Tuesday, January 12, 2010

Nokia Booklet 3G Review

Nokia Booklet 3GDo you know what MikroMikko is? Surprise! Nokia, which is one of the world's leading mobile phone manufacturer, used to produce computers by that name. MikroMikko 3, manufactured in 1987 by Nokia, was a state-of-the-art MS-DOS machine with 1MB of RAM and 20MB drive. It's been about 25 years since Nokia's made a computer bigger than an N900, but it's back in the game with its first netbook, the Booklet 3G. So how is the Nokia Booklet 3G?

Let's first look at the chassis, which is carved from a single piece of aircraft-grade aluminum. On top of the aluminum lid is a high-gloss plastic cover (available in white, black, and blue) which unfortunately gets covered in fingerprints. Probably that is the reason Nokia included a soft cloth in the box. Although the aluminum makes the Nokia Booklet 3G heavier at 2.8 pounds, it's still comfortable to hold and carry in one hand.

The Booklet has three USB ports, an HDMI port, a headphone jack, and SD and SIM card slots, but there's no VGA or Ethernet ports. So in case of a weak 3G connection and an absence of a WiFi network you would really face a challange. Although you can obviously buy a USB Ethernet adapter, but after spending $599.00 why go through that pain!

The Booklet has an attractive 10.1-inch edge-to-edge glass display. While a smaller bezel could have sufficed, the 1280 x 720 screen is high quality and much roomier than the usual 1024 x 600 netbook resolution. The LED-backlit display are easier on the eyes and the 720p video clips looks vivid and crisp.

The Nokia Booklet 3G uses the lower-power Intel Atom Z530 instead of the usual N270 or N280 to increase the battery life. But that makes it very sluggish in performance. Running Firefox and Word simultaneously is fine, but adding another application like Seesmic Desktop causes things to drag. Moreover, you would often get a "not responding" message while trying your hands on something like streaming a movie on Hulu while running Tweetdeck, AT&T's connection manager and Microsoft Word. And the 4,200rpm, 120GB hard drive that's slower and smaller than the 5,200rpm units in most other netbooks adds to it's woes. And so does the Windows 7 and F-Secure security suite.

The battery life is good though, which can run for about 8 hours at 75 percent brightness to browse the web and edit documents.
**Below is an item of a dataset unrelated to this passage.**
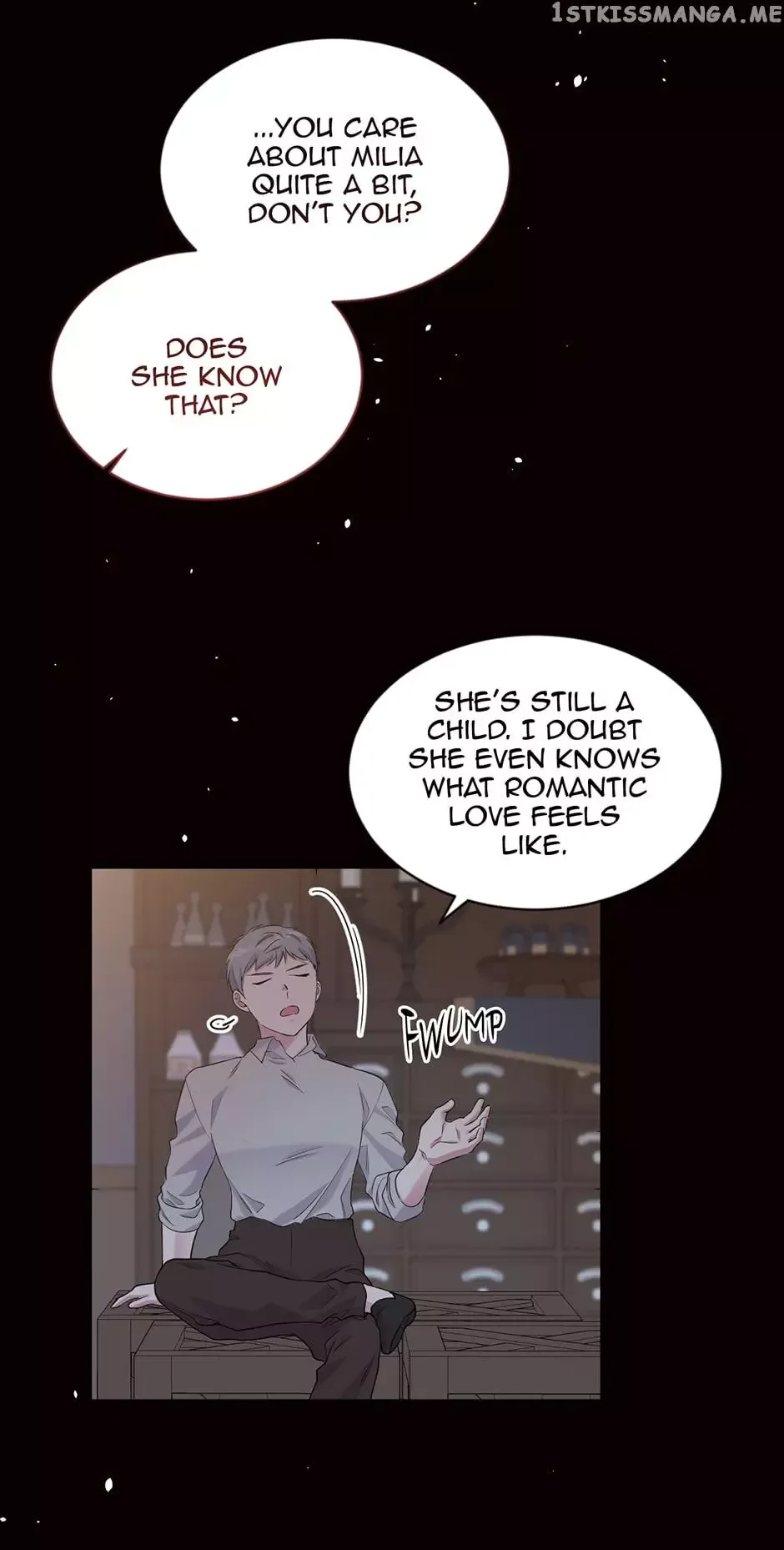 The Goal is to Become a Gold Spoon so I need to be Completely Invulnerable Chapter 124 page 53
Nokia also bundles the Ovi Suite for synchronizing the Nokia phone and its Social Hub software, which is useful for centralizing your social networks (Twitter, Facebook) to one desktop application. It also lets you easily send text messages from your SIM. You can find detailed specifications here.

In a nutshell, things would look fabulous with the Nokia Booklet 3G until then time you start working on it. Once you do, you would simply wonder whether it's really worth the $599.00 price tag.


3 Comment:

lin chuanxing said...

whoops, that was cool one, but the price still... >.< hard to say it LOL

henri said...

Wow awesome stuff !!

Anonymous said...

Dude, you should really use a spell check.